Final answer:
The economic term for the total value of all goods and services produced at various price levels is Aggregate Supply (AS). It is a macroeconomic metric that helps in understanding the overall supply in the economy and relates to GDP, which measures the economy's output by valuing final goods and services produced.
Step-by-step explanation:
The economic term that refers to the total value of all goods and services that all firms would produce in a specific period of time at various price levels is Aggregate Supply (AS). This concept is relevant when taking a macroeconomic approach, representing the total supply of goods and services available in the economy at different price points. Aggregate Supply is similar to the microeconomic concept of market supply but on a much larger scale, encompassing the entire economy. It shares the logical connection to price levels: as prices rise, firms are incentivized to increase production, and vice versa when prices fall.
Understanding Aggregate Supply is essential to grasping how economists express the size of an economy through Gross Domestic Product (GDP).
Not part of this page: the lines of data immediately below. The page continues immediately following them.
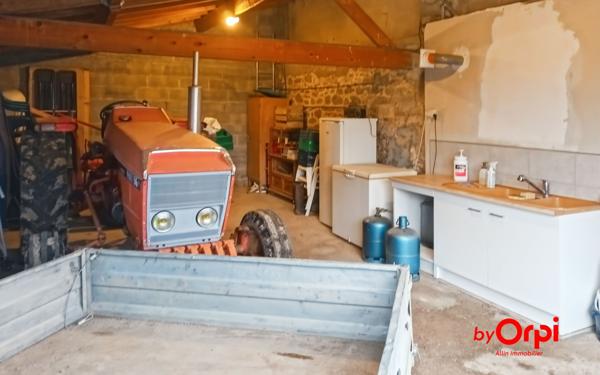 Maison à vendre    4 pièces •  Treignat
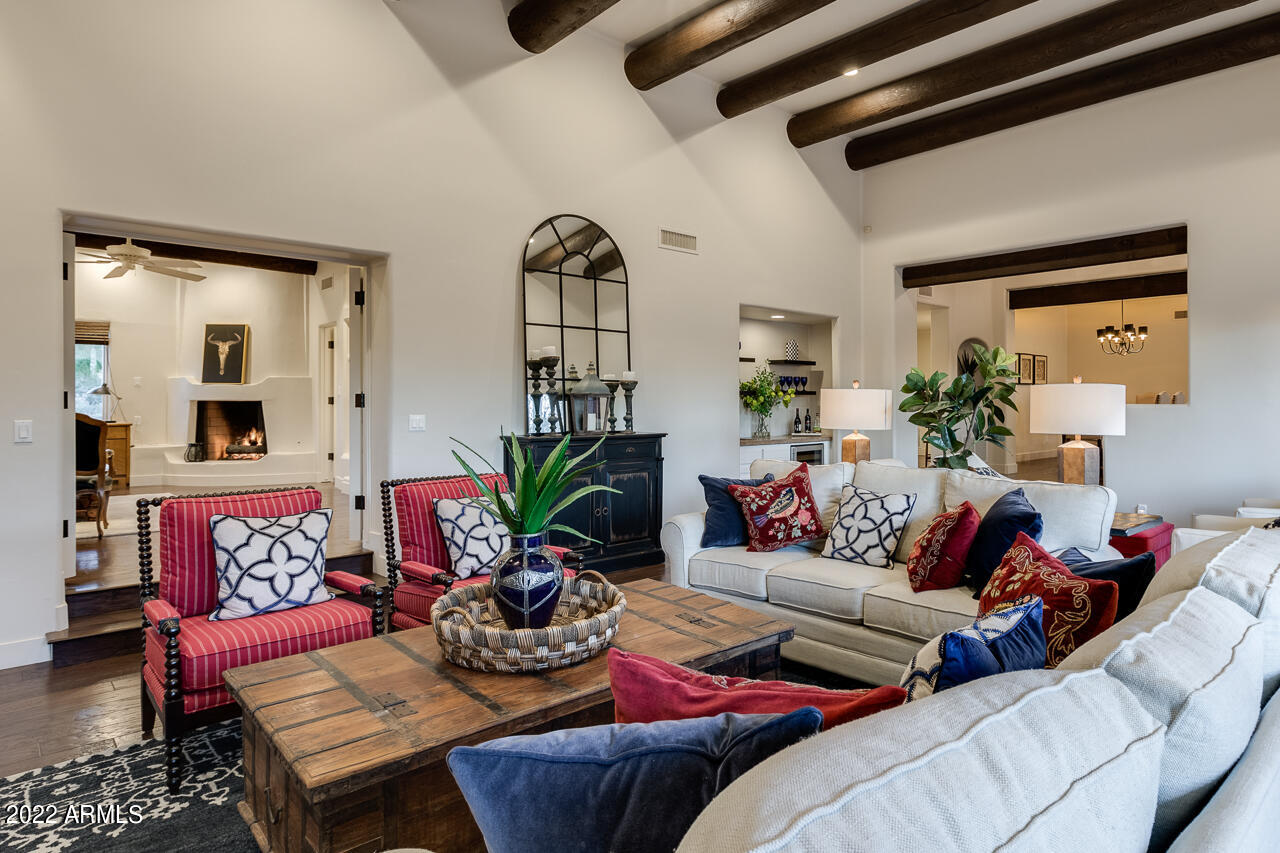 10801 E HAPPY VALLEY Road 74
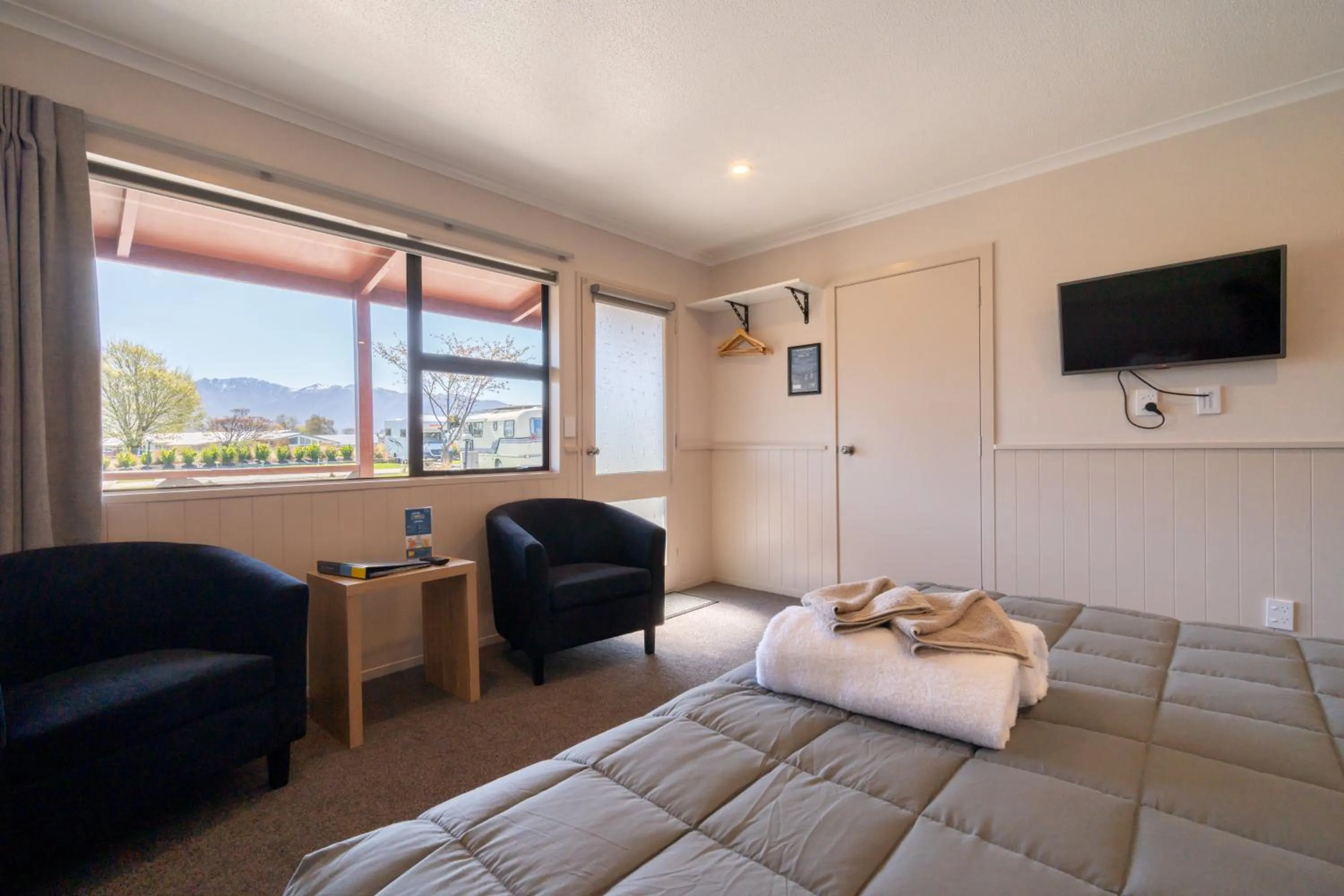 Seating area in Te Anau Top 10 Holiday Park and Motels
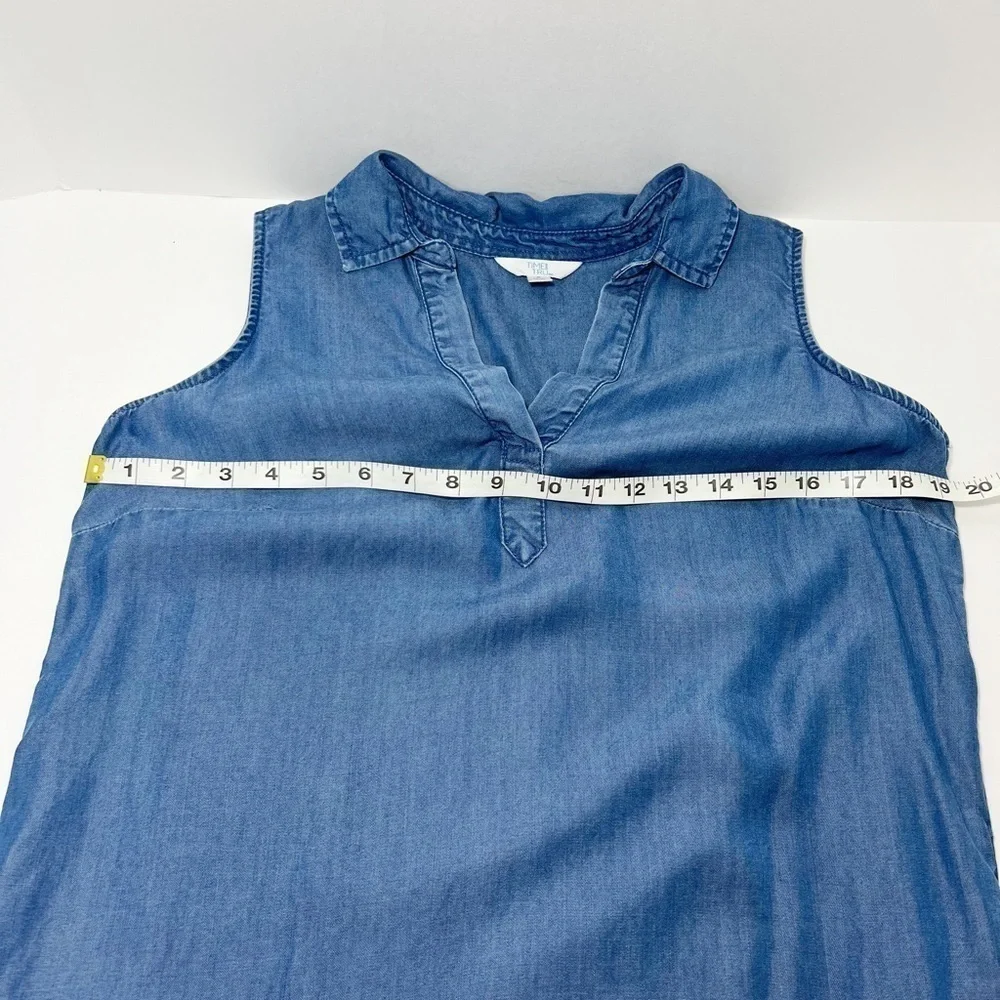 Time and Tru Chambray Blue V Neck Shift Dress W Pockets Womens size 4/6 Small - Picture 4 of 7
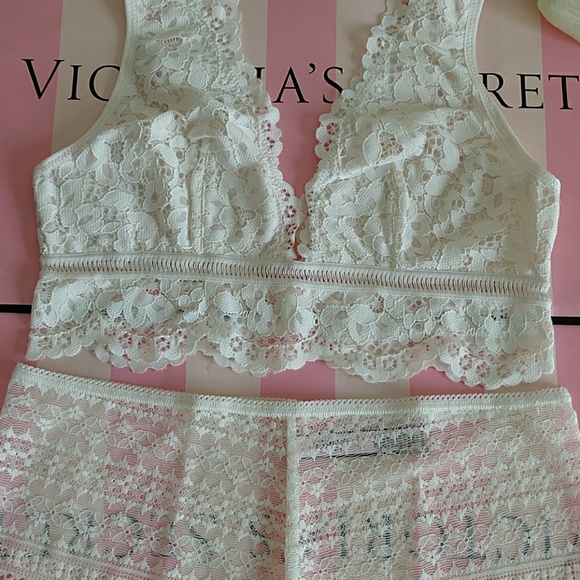 VICTORIA'S SECRET BRALETTE SIZE S & PANTY S. - Picture 4 of 4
GDP is measured by taking the quantities of all final goods and services produced, multiplying them by their prices, and then summing the total. Final goods refer to items at their furthest stage of production, and care is taken to avoid double counting these goods as they pass through various production stages.
Efficiency in the economy means that the optimal amount of each good and service is produced and consumed, maximizing the use of scarce resources and ensuring all gains from trade are achieved. This efficiency reflects the balance of Consumer Surplus, Producer Surplus, and Social Surplus, all of which relate to the benefits received by different actors in the economy at a given price level and production quantity.